La suite des Illusions Perdues, cet ouvrage de Balzac vient clore le cycle de Vautrin. C’est la conclusion tragique des tentatives de Lucien de Rubempré de s’élever dans les hautes sphères de la capitale, la conséquence mortelle du pacte diabolique qu’il avait conclu, en fin du volume précédent, avec Carlos Herrera. Ce pacte avait quelque chose de fantastique, qu’on retrouve dès le début de Splendeurs et misères des courtisanes, qui baigne dans une atmosphère mêlant l’occulte des actions de l’abbé, qui semble, tissant sa toile dans les ténèbres, tout savoir, tout influencer, et la vengeance, celle de Lucien, sur ce milieu Parisien qui s’est joué de lui, et l’a exclu. Assez, vite, de ces deux thèmes, l’un en vient à prendre le pas sur l’autre. L’auteur insiste moins sur le côté mondain de l’ascension de Lucien que sur ses dessous, l’arrière scène puante d’une société pourrie de corruption d’une extrémité à l’autre, avec cette haute aristocratie/bourgeoisie qui tient son élévation, et son maintien, des manœuvres sales d’un sous-prolétariat profitant des miettes de débauche qui lui passent sous la main. Balzac en vient ainsi rapidement à peindre ces intrigues souterraines à travers la guerre que se mènent les réseaux de Herrera, issus de la société de criminels qu’il dirige, et la contre police politique de l’état, dont la probité citoyenne des membres n’est guère plus reluisante : cet ouvrage , c’est aussi celui de la porosité entre les milieux criminels et l’État.

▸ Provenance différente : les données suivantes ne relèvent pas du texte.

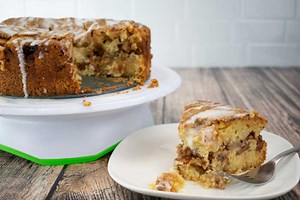 Easy Apple Cake Recipe [with Video]
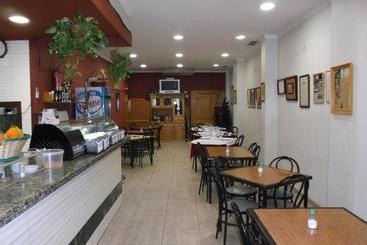 پانسیون Hostal Miguel Y Juani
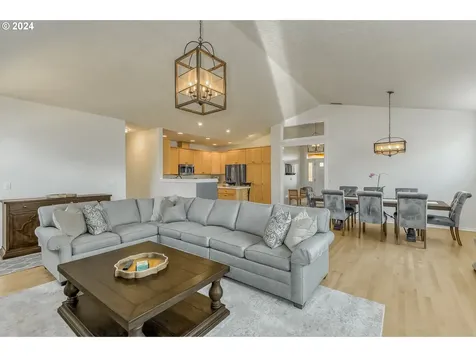 7509 SE 157th Avenue Portland OR 97236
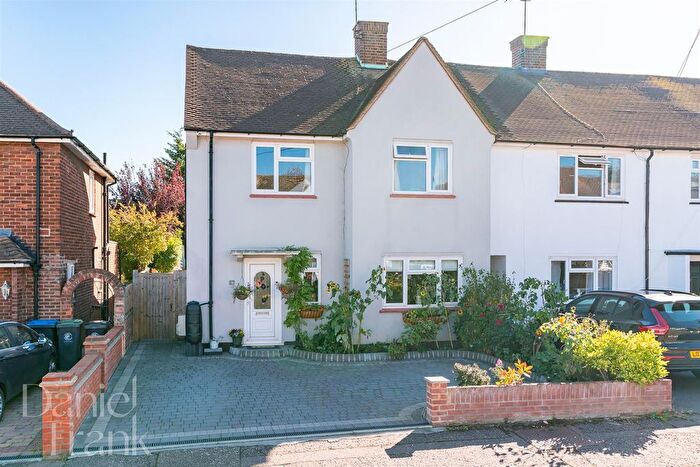 4 Bedroom Semi Detached House For Sale In Thaxted Road, Buckhurst Hill, IG9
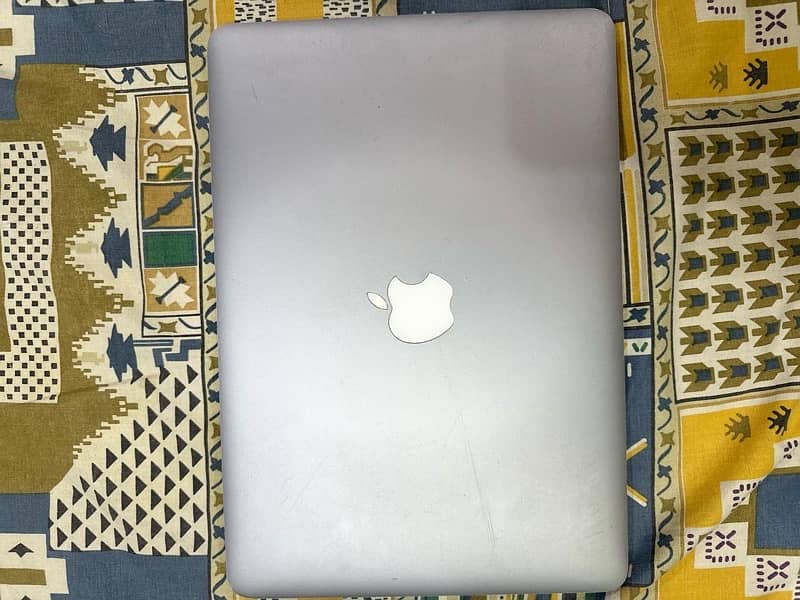 MACBOOK PRO 2015 13 INCHES 2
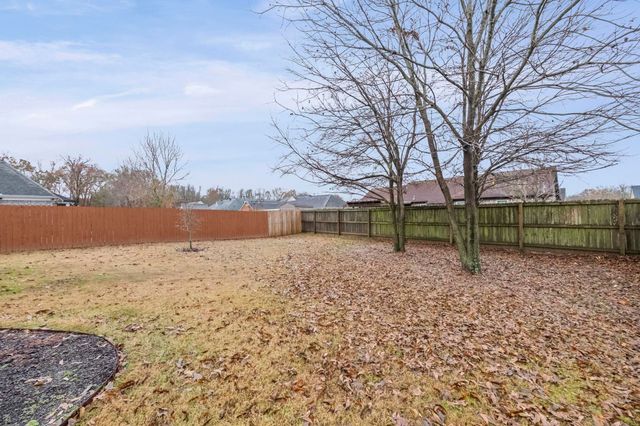 295 CHEROKEE CIR, Oakland, TN 38060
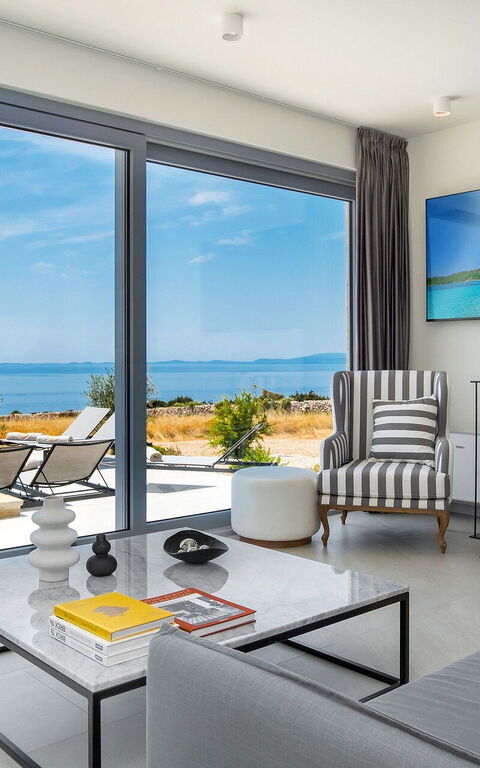 Villa Kelena: Balkong / terrasse / uteplass, Stue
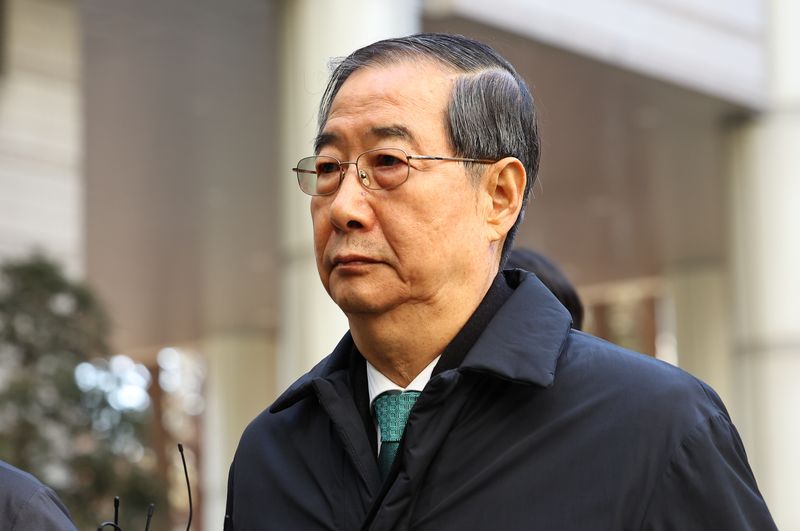 [서울=뉴시스] 최진석 기자 = 한덕수 전 국무총리 측이 헌법재판관 미임명 및 졸속 지명 의혹 사건의 주요 증거로 꼽히는 박성재 전 법무부 장관 수첩 메모의 증거 능력을 둘러싸고 특검팀과 법정 공방을 벌였다. 사진은 한 전 총리의 모습 2026.05.29. myjs@newsis.com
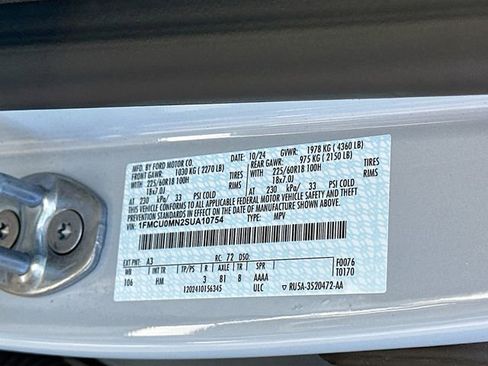 Used 2025 Ford Escape ST-Line image 30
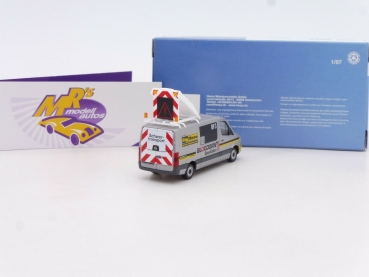 Preview: Herpa 944809 # Mercedes Benz Sprinter 18 Halbbus BF3 " Spedition BLOEDORN " 1:87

Cette guerre se suit avec plaisir, malgré les longueurs provoquées par les multiples retournements de situation. Des longueurs qui d’ailleurs m’ont fait lâcher l’œuvre à plusieurs reprise, car Splendeurs et misères des courtisanes est un long roman, à cheval qu’il est sur les deux thèmes exposés plus haut (en plus de la peinture du milieu judiciaire, entre idéal et corruption). De plus, je voudrais aborder le personnage de la fille de Peyrade, amoureuse de Lucien mais quasi inexploitée, cet amour restant sans conséquence. Cela me laisse penser que l’auteur ne savait, peut-être, pas toujours où il allait, dès le départ.
En conclusion, Splendeurs et misères des courtisanes est un ouvrage long, trop long, je trouve, mais il en ressort une atmosphère attirante, presque passionnante, et inédite, d’occulte, de lutte de police secrète. Sans parler de l’aspect tragique de l’œuvre, et de ses personnages (les liens de loyauté, qui pousse chacun à se venger, introduisent une dimension radicale, violente, émouvante) dans le récit, points que je n’ai pas détaillés, mais qui sont de grands points forts de l’ouvrage.